We affirm the second (or, at least, I do). I affirm that people are free in the choices they make because they’re free from external constraints and compulsions. But I also affirm that our free will is in bondage to our own corrupt faculties – our mind is darkened and our heart is hardened (Eph. 4:18). Our will doesn’t possess arbitrary power; on the contrary, it follows the dictates of misplaced affections. Now, this doesn’t undermine self-determination because it maintains a difference between constraining and nonconstraining causes. We’re free because our choices are our own, but our choices aren’t free from our darkened mind and hardened heart. In a word, we possess a free will that’s in bondage to sin.
Let me conclude by suggesting that we would do well to study the doctrine of divine providence, keeping our conclusions and convictions within the bounds of Scripture, and remembering that (when it’s all said and done) we’re dealing with a mystery. We would also do well to celebrate the doctrine of divine providence. It’s worth our time and attention because it’s one of the most God-glorifying and heart-warming truths in all Scripture. God “works all things according to the counsel of his will” (Eph. 1:11). Moreover, He works all things together for the good of His people (Rom. 8:28).
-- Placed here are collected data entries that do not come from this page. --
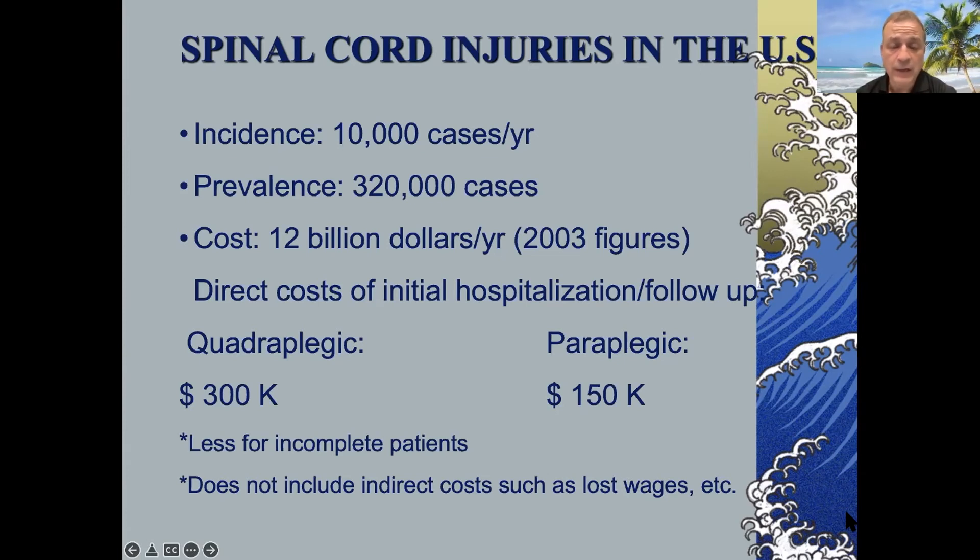For example, in Florida we see much less diving accidents than we did before. The prevalence is obviously the incidence times the years that these people survive, and as survival has increased, the prevalence has increased. It's an incredibly costly disease, not only to manage initially, but also to take care of patients after their injury.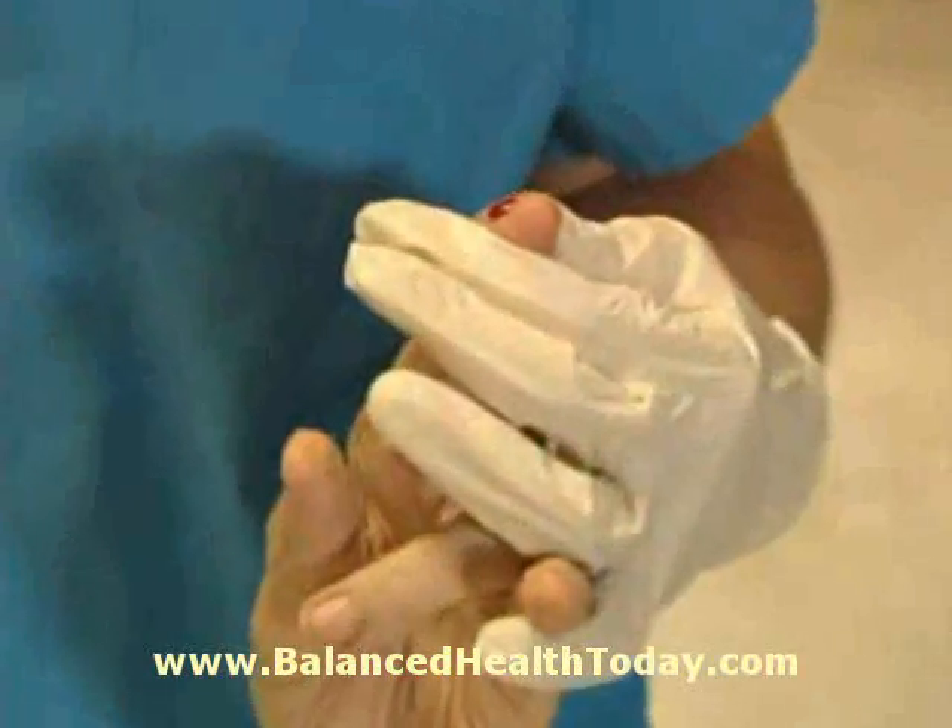Prior to treatment, vital signs are taken and ears are checked. For diabetic patients, sugar levels are monitored pre- and post-treatment.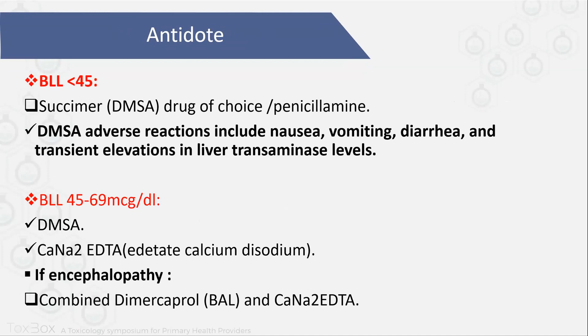Regarding the antidote, I won't spend much time on it as it may not be available in the health center. It depends on the lead level in the blood. If it is 45 or below, you can give succimer. If it is not available, give dimercaprol. The side effects of succimer include nausea, vomiting, diarrhea, and elevation of liver enzymes. If the level is between 45 to 69, you can give succimer with edetate calcium disodium. But if the patient has encephalopathy, you can give combined dimercaprol with edetate calcium disodium.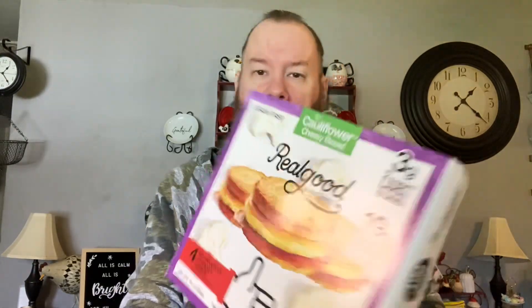Jerry got some keto breakfast items — grain-free cheese bread sandwiches by Real Good. They're four grams of net carbs per sandwich and 22 grams of protein. The first one she got is a sausage, egg, and cheddar cheese sandwich — basically microwavable, you put it in a special sleeve and nuke it. She also got a cauliflower cheesy bread one with three net grams of carbs and 19 grams of protein per sandwich. It almost looks like a McGriddle from McDonald's.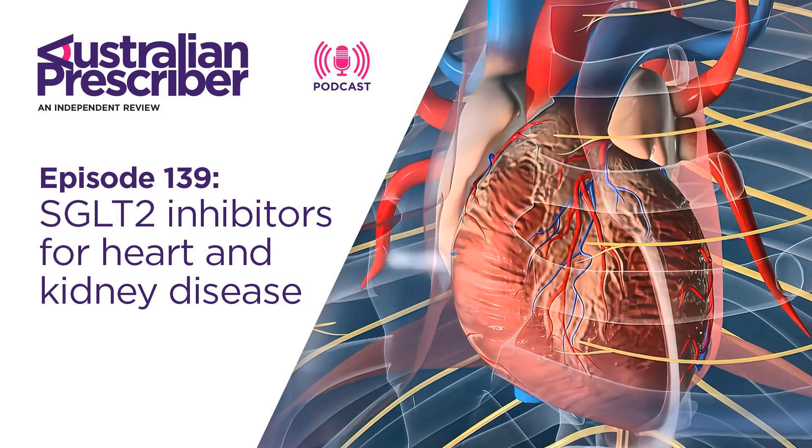SGLT2 inhibitors can also lower blood pressure, though less so than many other heart failure agents. Regarding safety data extrapolation to non-diabetic patients: while more post-marketing surveillance is needed, the major studies including patients with and without diabetes show no suggestion of more side effects in those without diabetes — if anything, the converse. Ketoacidosis remains a concern, hypoglycaemia is less of an issue in non-diabetic patients not on glucose-lowering agents, and fungal infections are probably less pronounced. Side effects are likely to be similar or less in patients without diabetes, but should continue to be monitored.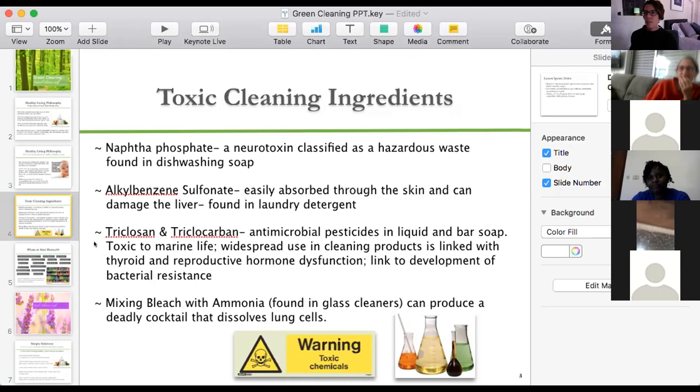Over time we see more illnesses — autoimmune disease, cancer, and neurological diseases. I am convinced that a lot of neurological diseases like Parkinson's, Alzheimer's, and dementia with no clear cause are linked to this low-grade, constant exposure to chemicals. There's always going to be some chemical exposure we can't control, but our cleaning and grooming products we absolutely can control — so let's stop self-exposing to toxins.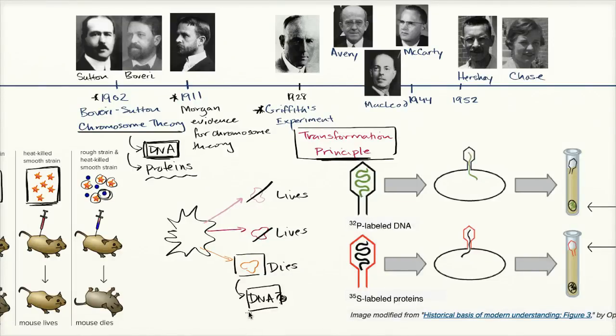In the last video, we began to see some pretty good evidence that DNA was the molecular basis for inheritance. We saw that from the work of Avery, McCarty, and McLeod, where they tried to identify whether it was DNA or proteins that acted as a transformation principle in Griffith's experiments. But even their work in 1944 was not viewed as conclusive evidence — it was viewed as strong evidence, but not conclusive.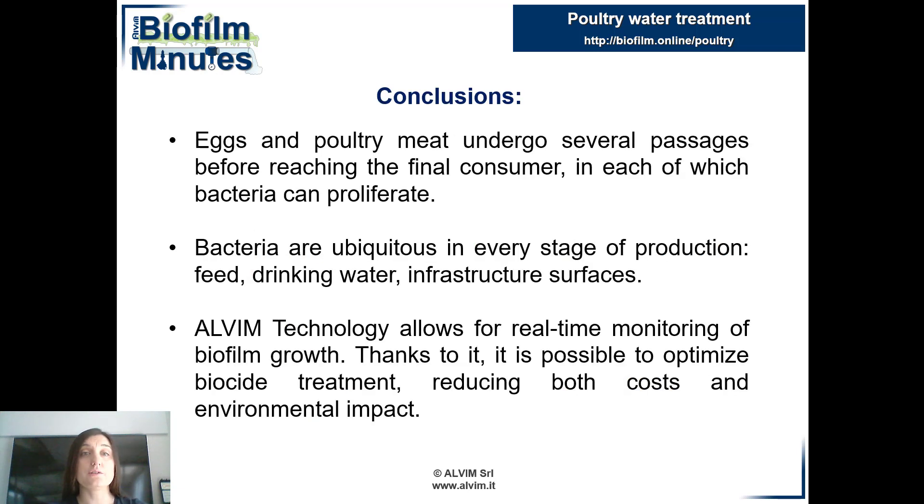In conclusion, if poultry products — for example eggs and meat — are not handled with due care, bacteria can pose a serious public health problem. The ability of bacteria to form a biofilm further aggravates the situation, as the bacteria inside are more resistant to sanitation treatments. Unfortunately, it is impossible to completely prevent the growth of biofilm, but thanks to Album technology, it is possible to treat it timely and to optimize the biocide treatment.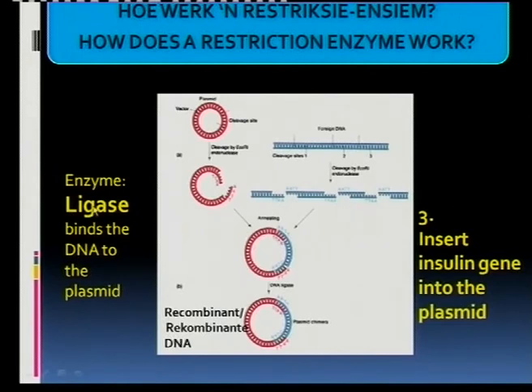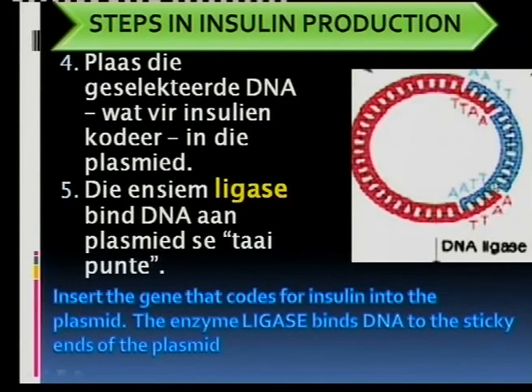The binding — the connection, the gluing — of the foreign human DNA into the plasmid is done by another enzyme called ligase. So you have two enzymes: the restriction enzyme for cutting, and ligase for the binding. The result is new DNA consisting of the plasmid from the bacterium plus the human gene. We call this recombinant DNA. The enzyme ligase binds DNA to the sticky ends of the plasmid DNA.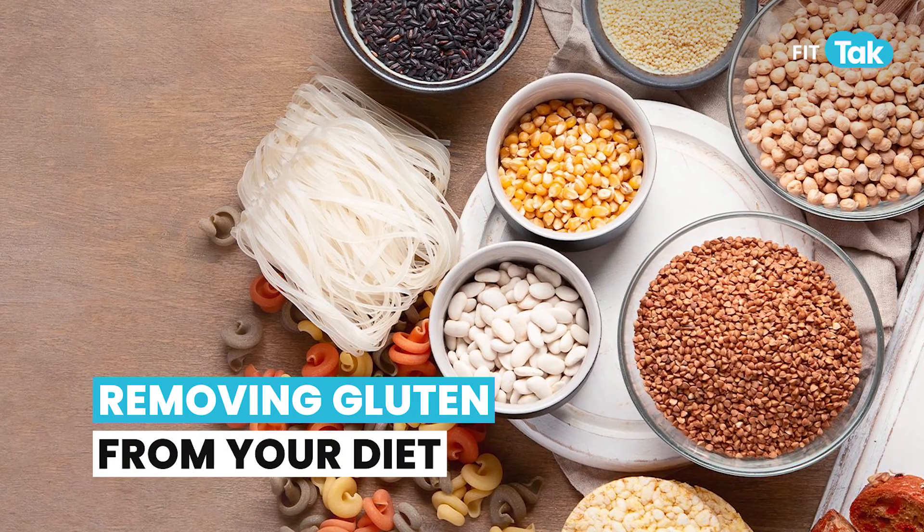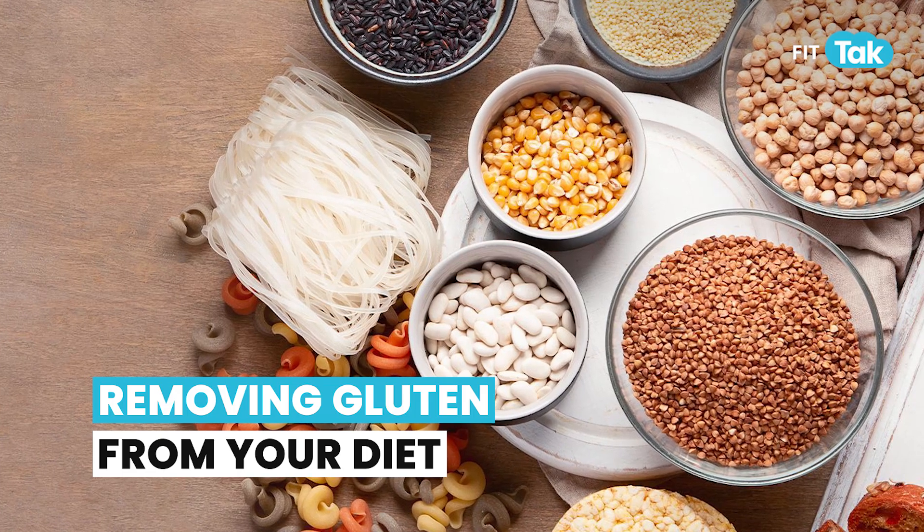When people remove gluten from their life they may feel better for a short period, but the problem comes back. Gluten contains very large protein sizes called gliadin, which go undigested, pass through the holes in your intestines into an area where your autoimmune system triggers and creates antibodies, attacking these proteins — along with your thyroid, insulin, and many other conditions.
We rest in the conviction that this great God rules the universe (His general providence) for the benefit of His church (His special providence). And this conviction shapes our perspective at every turn and imparts spiritual fortitude in the midst of all our troubles.
[i] John Calvin refers to God’s hidden will as his “secret plan,” “secret providence,” “secret judgments,” “incomprehensible plans,” and “secret direction.” Institutes of the Christian Religion, in The Library of Christian Classics, 2 vols., ed. J. T. McNeill (Philadelphia: Westminster Press, 1960), 1:16.2–9; 1:17.1–2; 1:18.1–4.